### Goal of the exercise
Copy down every line of the data that follows exactly. Omit the pictures.

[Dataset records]

-- Opening Marker --

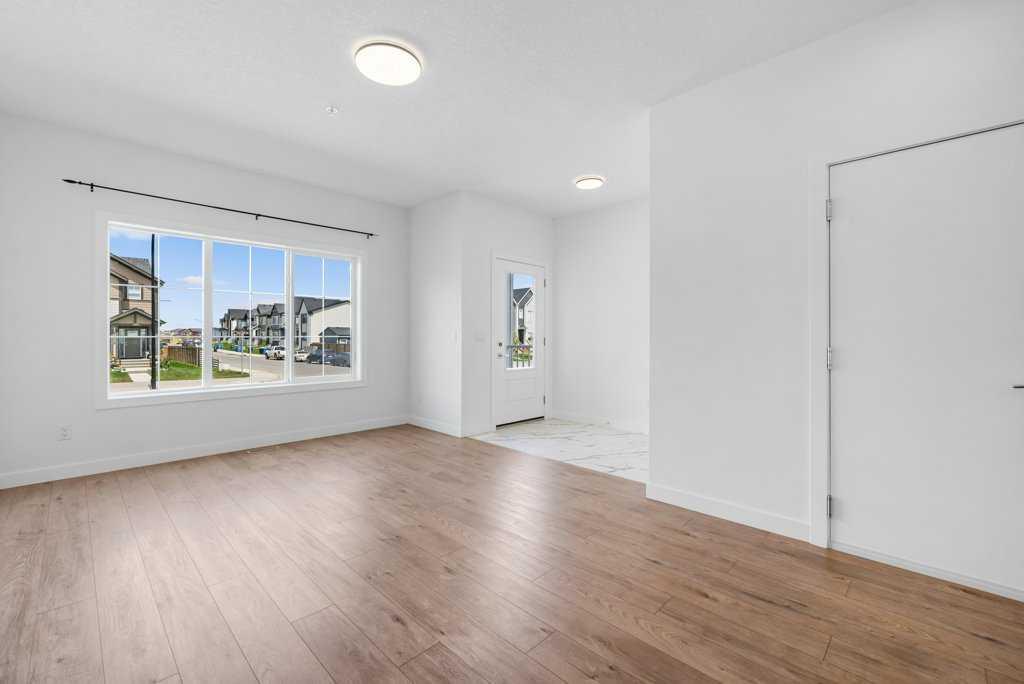 7589 202 Avenue Property Photo 8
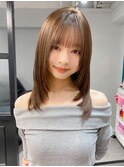 小顔 前髪 レイヤーカット オリーブグレー 黒髪"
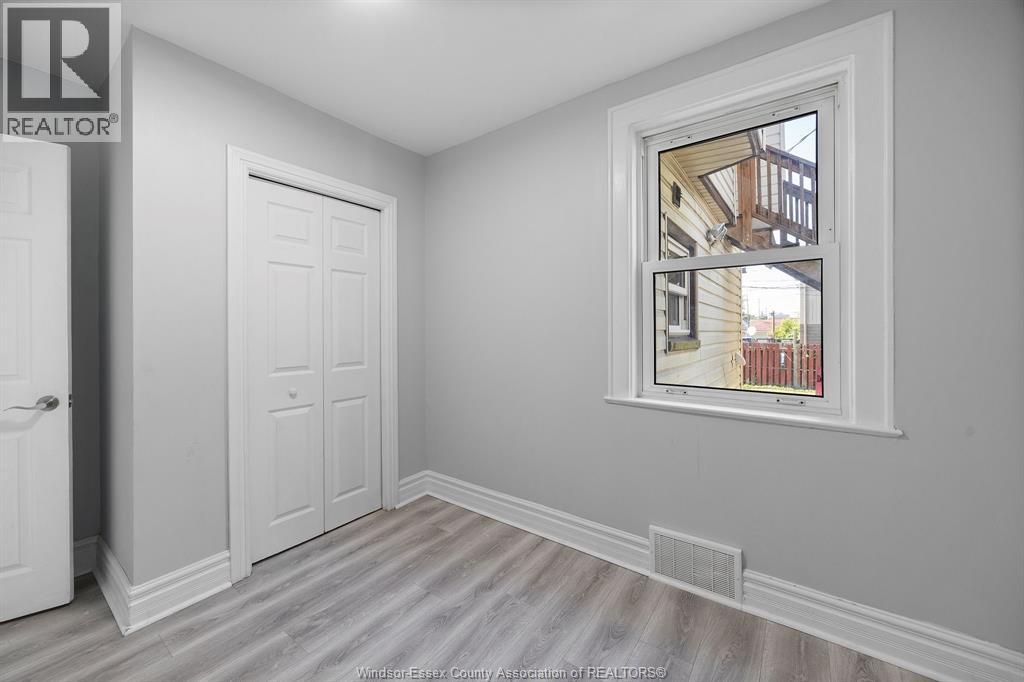 1056-1060 Niagara, Windsor, Ontario  N9A 3V2 - Photo 12 - 26019076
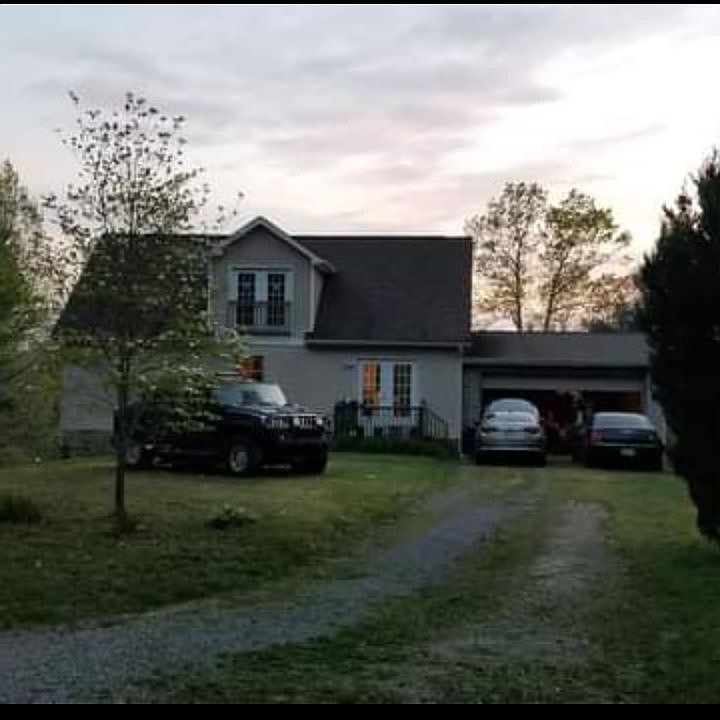 2nd image of 636 Back Petros Rd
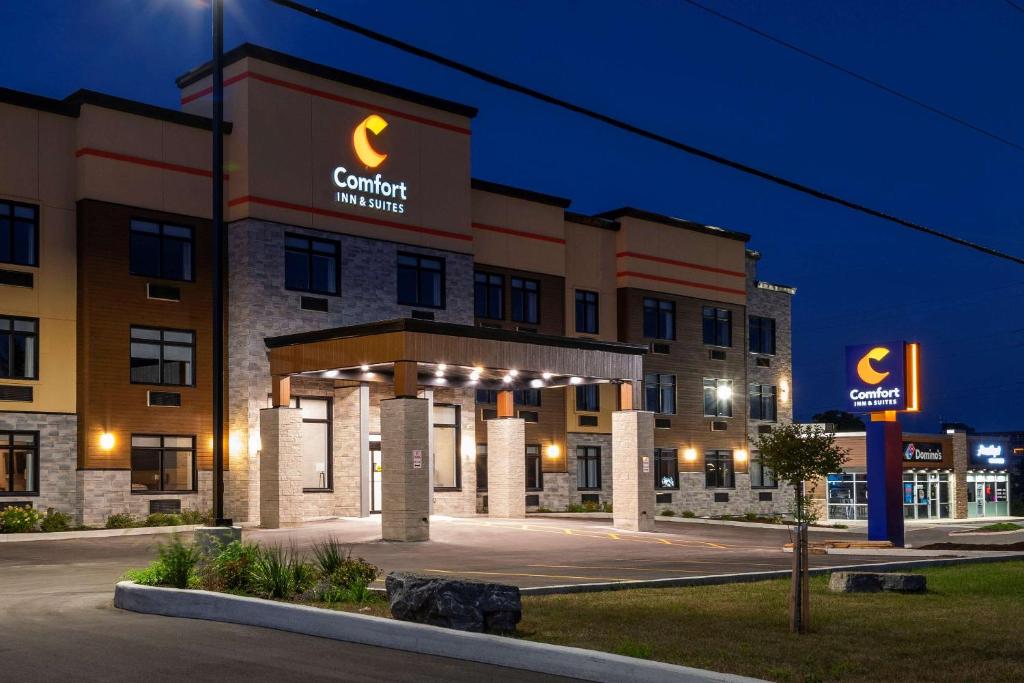 Comfort Inn & Suites photo 3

-- Closing Marker --

### Solution
 7589 202 Avenue Property Photo 8
 小顔 前髪 レイヤーカット オリーブグレー 黒髪"
 1056-1060 Niagara, Windsor, Ontario  N9A 3V2 - Photo 12 - 26019076
 2nd image of 636 Back Petros Rd
 Comfort Inn & Suites photo 3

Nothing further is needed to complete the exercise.